In [1]:
pip install krixik




[notice] A new release of pip is available: 23.3.1 -> 24.0
[notice] To update, run: python.exe -m pip install --upgrade pip





In [2]:
import sys 
sys.path.append('..')
from dotenv import load_dotenv
import os
load_dotenv()

LUCAS_STAGING_API_KEY=os.getenv('LUCAS_STAGING_API_KEY')
LUCAS_STAGING_API_URL=os.getenv('LUCAS_STAGING_API_URL')

# import Krixik
from krixik import krixik
krixik.init(api_key = LUCAS_STAGING_API_KEY, 
            api_url = LUCAS_STAGING_API_URL)

import json
def json_print(data):
    print(json.dumps(data, indent=2))

%load_ext autoreload
%autoreload 2 

SUCCESS: You are now authenticated.


---

---

---

# Three Types of Keyword Search

What is Keyword Search?

ChatGPT 3.5 defines it thus: "*Keyword search works by entering words or phrases into a search engine, which then scans its index or database for relevant content containing those keywords.*"

Accurate enough. In other words, to break it down:

- A keyword index is generated from an input file. For every keyword that appears at least once in the document, the index lists it and notes the line number in which it appears.
- A query is input by the user. The query is broken down into keywords.
- For every keyword in the query, if the keyword is in the index at least once, it returns to the user the keyword in question and every line number it appears on in the original document.
- If every keyword in the query is in the document, then the final output of the keyword search is each query keyword individually listed with all the line numbers it appears on in the document.

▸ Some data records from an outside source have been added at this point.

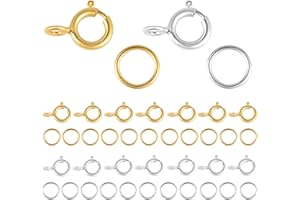‎ALEXCRAFT 40 Stück Sterling Silber 925 Kettenverschluss Federverschlüsse, 20 Stück Federschnalle mit 20 Stück Offenen Biegeringe für Armbänder Halskette Verlängerungskette Schmuckherstellung (Silber, Gold)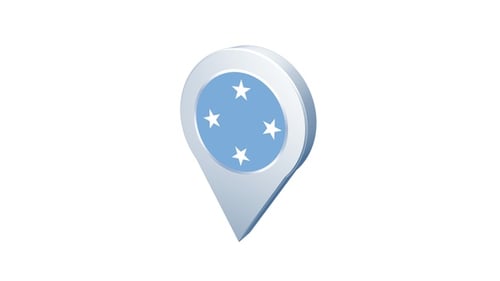 Animated 3D Micronesia Map Pin Location Icon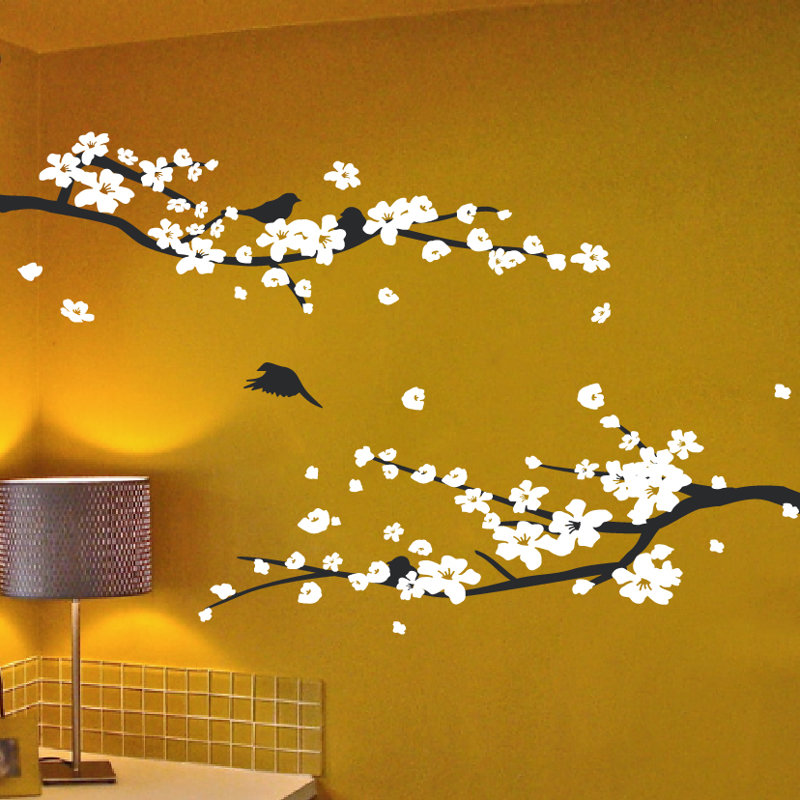 Décalcomanie murale petites fleurs de cerisier, 34" H x 41" lx 0.01" D, Noir / blanc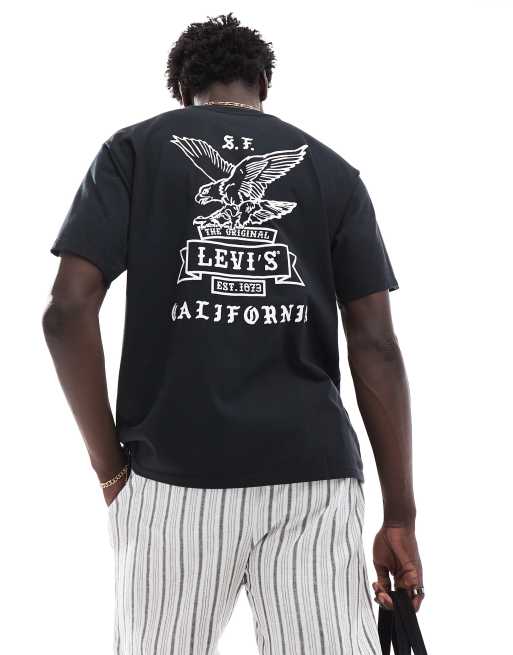 Levi's - Oversized T-shirt met vintage adelaar- en logoprint op de achterkant in zwart, 3 van 4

[What is a keyword? A keyword is every word that is not a ["stop word"](https://krixik-docs.readthedocs.io/en/latest/system/search_methods/keyword_search_method/#stop-words). Stop words are words so common that keyword search algorithms ignore them.]

### Three Types of Keyword Search

We've all used keyword search before; it's the "basic" search function. A user has a word or phrase in mind, types it into a search bar on a website (e.g. Wikipedia), and the results returned all include the words searched for, likely ranked in some order.

In this article we'll look at three different ways to think of and build keyword search. This is by no means an exhaustive list; our intention is to highlight that, even with something as common and often-used as keyword search, developers with the right tools can always build something better or more accurate for their particular use case.

They are the following:

- Single-word keyword search (a.k.a. vanilla keyword search)
- Multi-word phrase search
- Multi-word cluster search

[Note that these are not standard labels, they just sound reasonable at this writing]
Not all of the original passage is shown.